About a year ago, La Salle stumbled into the Hunger Games-themed opening ceremonies of the UAAP facing a lot of questions: They had fizzled out of the Fil-Oil preseason tournament after a fast start, lost Yutien Andrada to an injury, and had a coaching change three weeks before the season. Now, they are fresh from winning that same tournament and have welcomed Andrada back into their line-up. And that sudden coaching change? It worked out pretty well, since Juno Sauler was able to deliver the UAAP Championship trophy back to Taft Avenue after seven years.

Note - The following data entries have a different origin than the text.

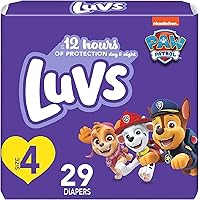 Luvs Diapers - Size 4, 29 Count, Paw Patrol Disposable Baby Diapers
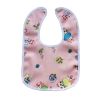 Baby Cartoon Snap Waterproof Bib Super Soft Baby Bib Newborn Crystal Velvet Saliva Towel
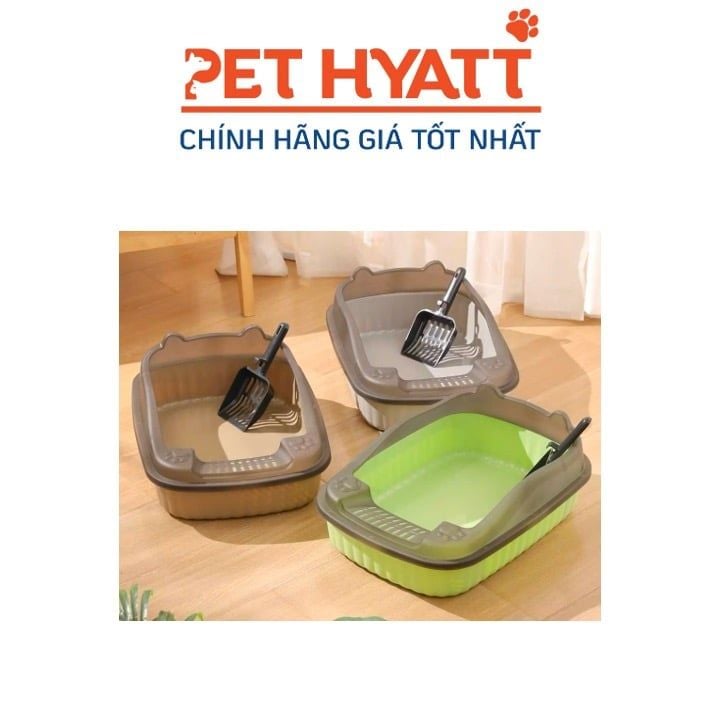 Khay Vệ Sinh Tai Mèo Bán Trong Suốt Cho Mèo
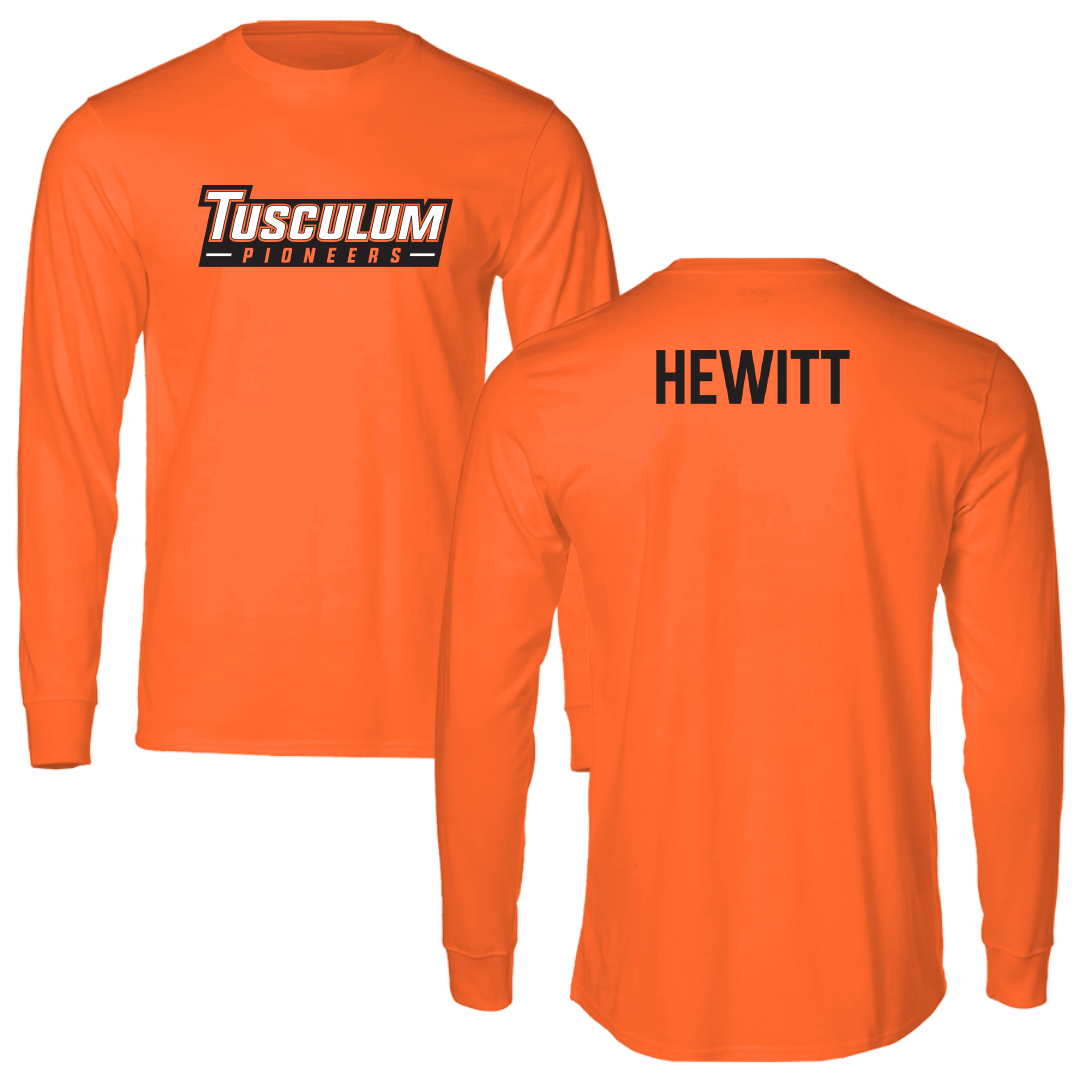 Tusculum University Cheer Orange Performance Long Sleeve - Cheyenne Hewitt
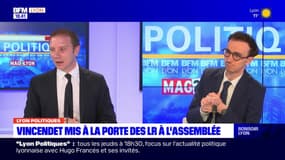 Alexandre Vincendet assure avoir eu un "appel de Nicolas Sarkozy" après son exclusion du groupe LR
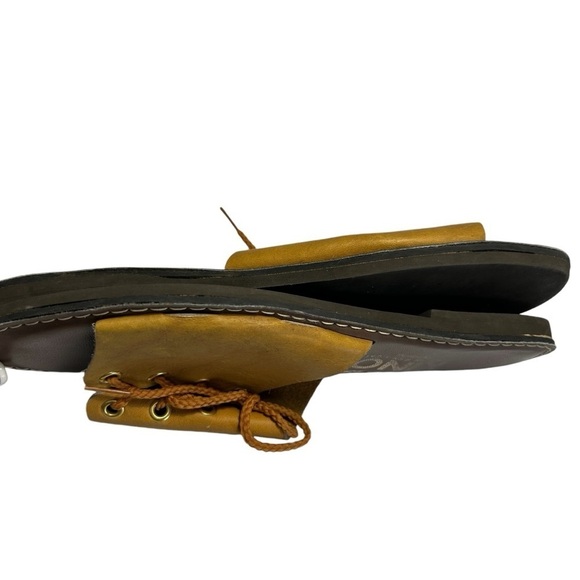 Kino Leather Lace Up Slip Ons Made In Key West Florida Sz 10 - Picture 9 of 12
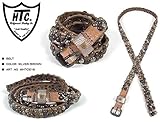HTC(エイチティーシー)　メンズ MEN'S ベルト スタッズ BELT 品番：11WHTCI018 Color：SILVER Size:80 [並行輸入品]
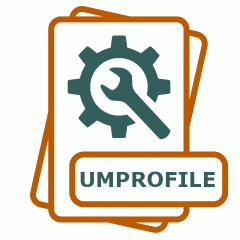 Symbol der UMPROFILE-Datei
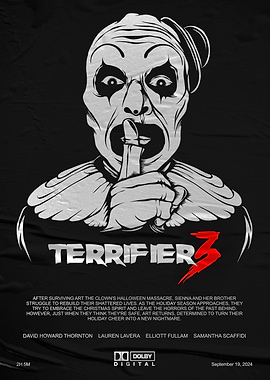 Terrifier 3 Movie Poster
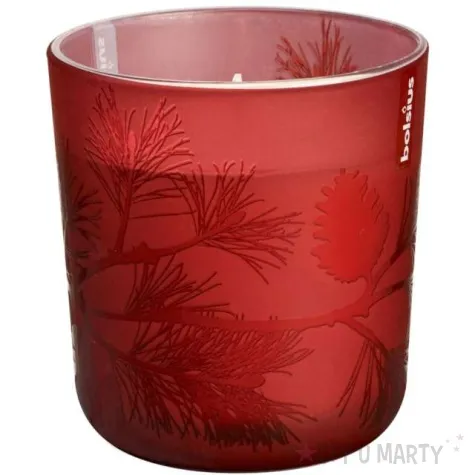 swieca w szkle pieczone jablko xl czerwona bolsius 97 mm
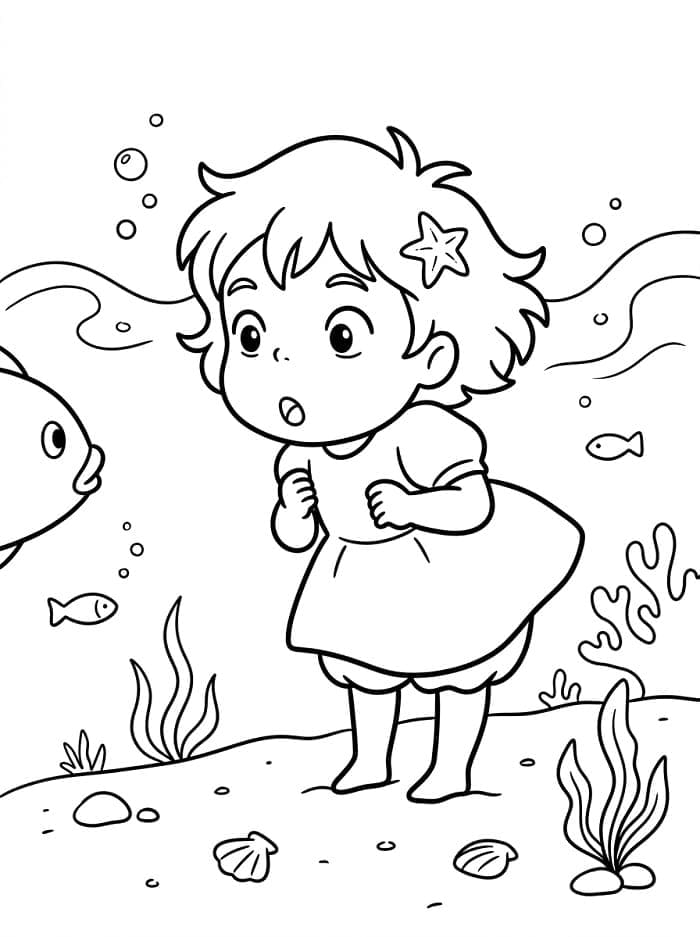 Ponyo yang penuh rasa ingin tahu
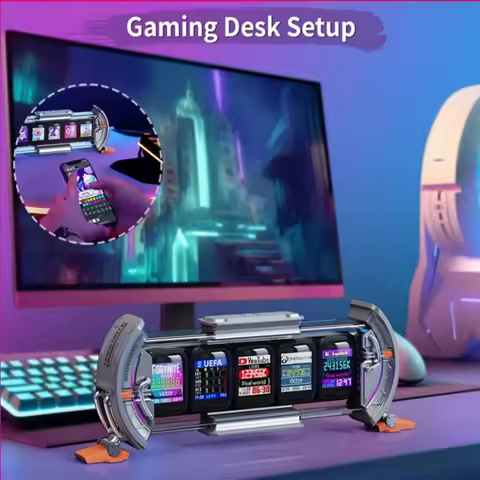 Original Times Gate Digital Clock DIY Pixel Art Screen with Smart APP Control, WiFi Connect, Gaming 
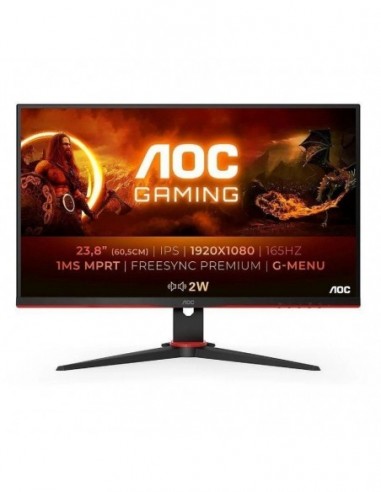 Monitor gaming aoc 24g2spae/bk 23.8'/...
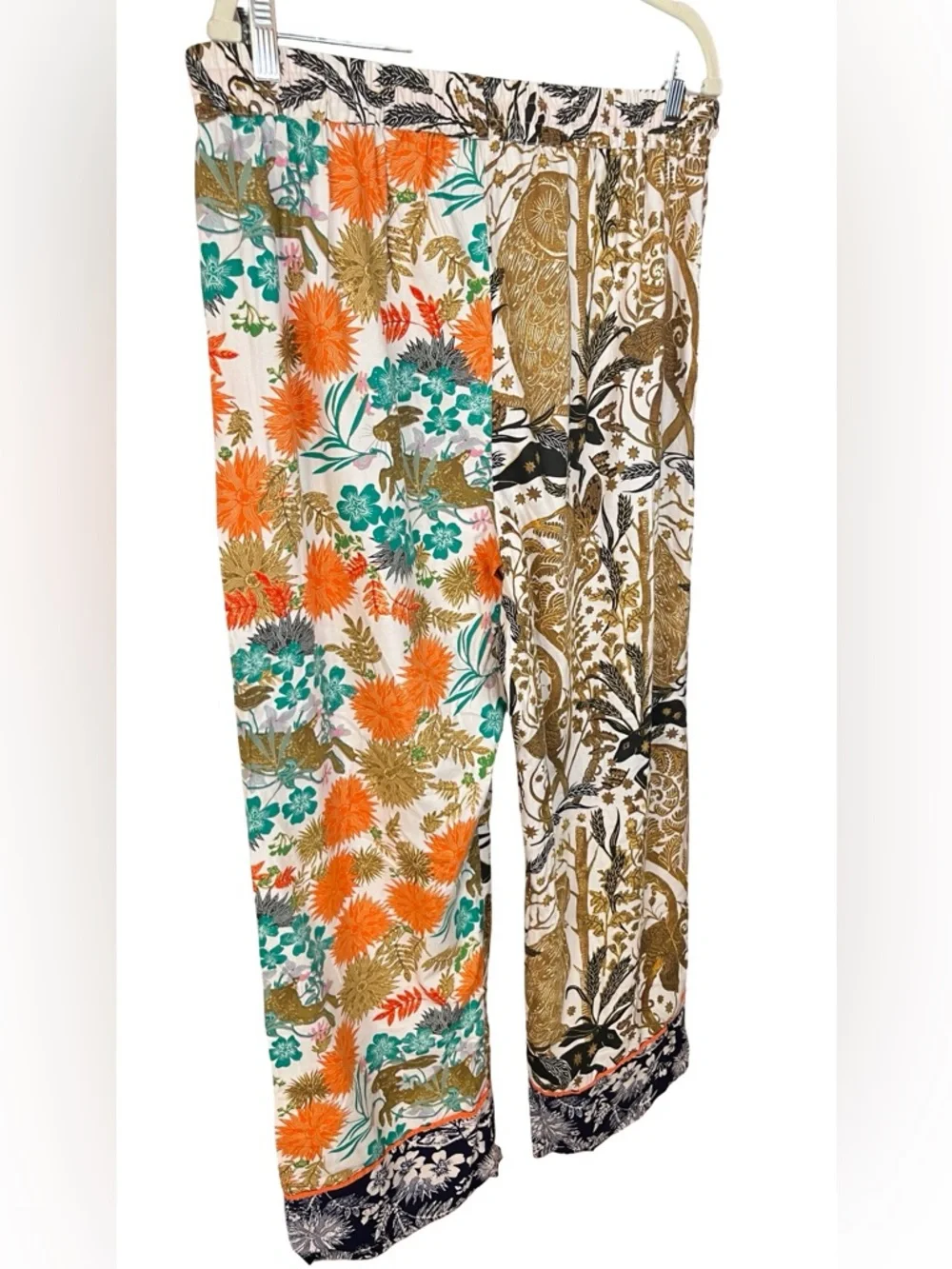 Anthropologie x Carolina K Pajama Set Size L Boho Botanical Luxe Lounge Set - Picture 7 of 13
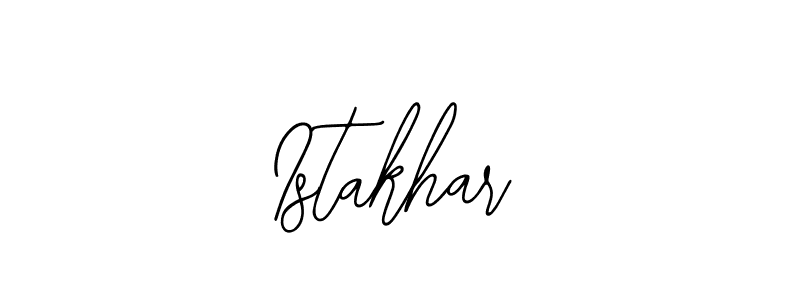 How to make Istakhar signature? Bearetta-2O07w is a professional autograph style. Create handwritten signature for Istakhar name. Istakhar signature style 12 images and pictures png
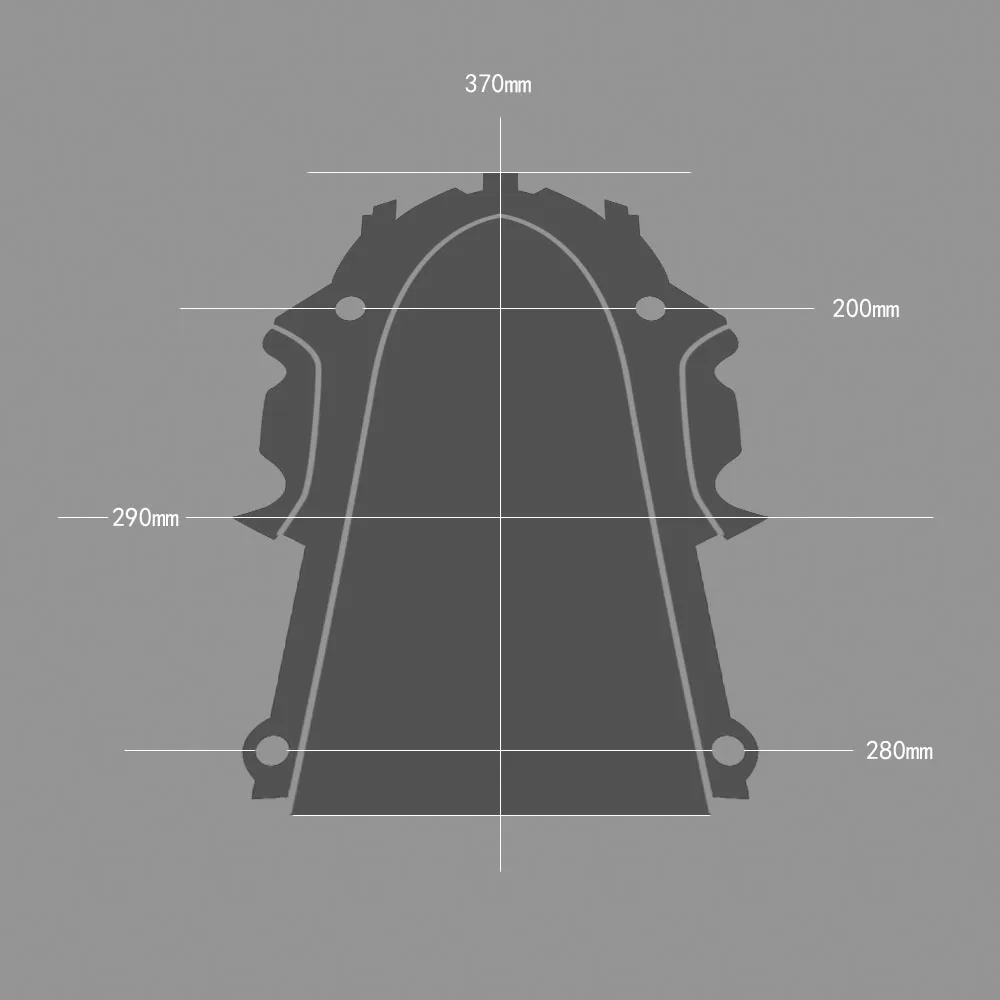 MTKRACING Motorcycle Front Screen Windshield Fairing Windshield For YAMAHA YZF-R3-YZF-R25 motorcycle windshield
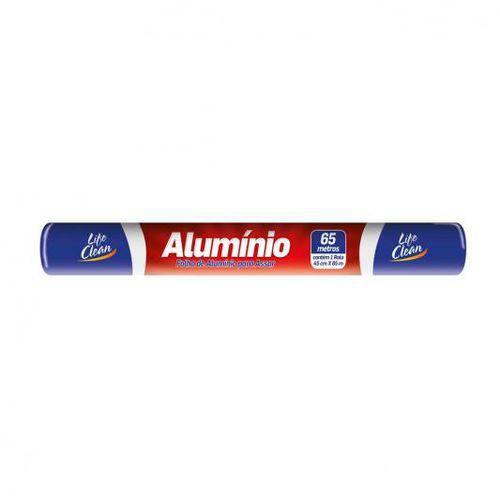 Papel Aluminio Life Clean 65.0m X 45cm Unidade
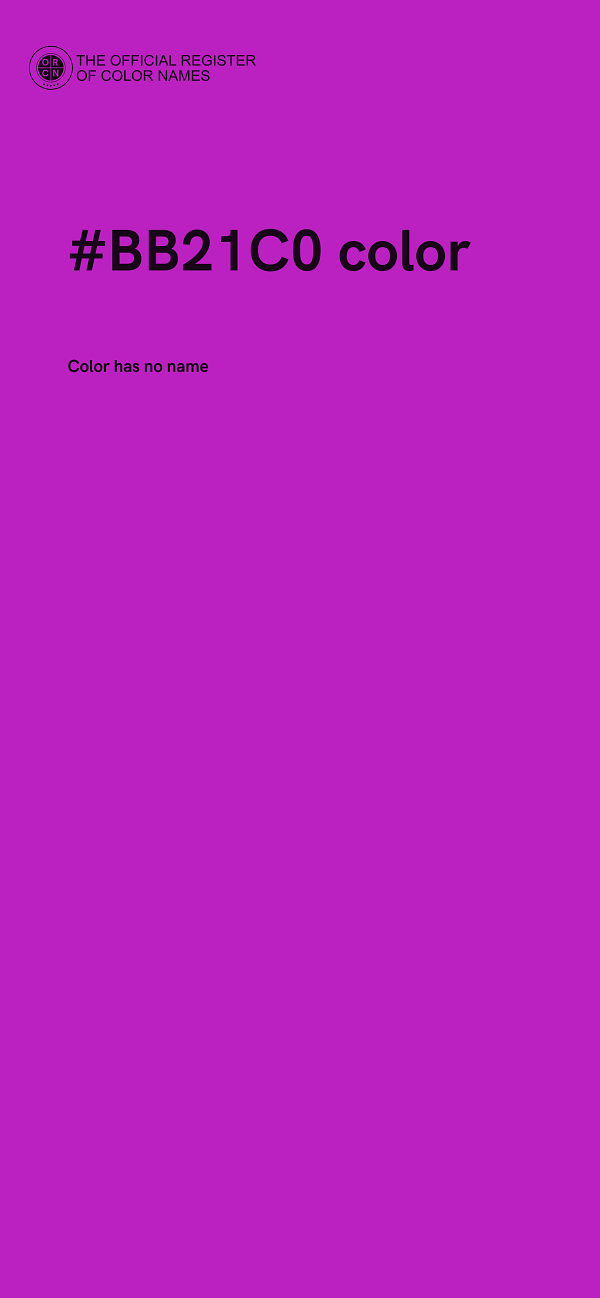 #BB21C0 color image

This year, they’ll have the same group of guys, with only LA Revilla leaving the team to turn pro. Jeron Teng, fresh from a Finals MVP performance, is only on his third year, and seeing him nail jumpers and three-point shots in the preseason means that he improved one dimension of his game. Almond Vosotros, who always seemed to show up whenever La Salle needed him, will be back in his final year. Jason Perkins, Norbert Torres, Arnold Van Opstal, Thomas Torres, and the rest of the team’s championship core will likewise be back. Only this time, they’ll have something they didn’t have before: A year of championship experience.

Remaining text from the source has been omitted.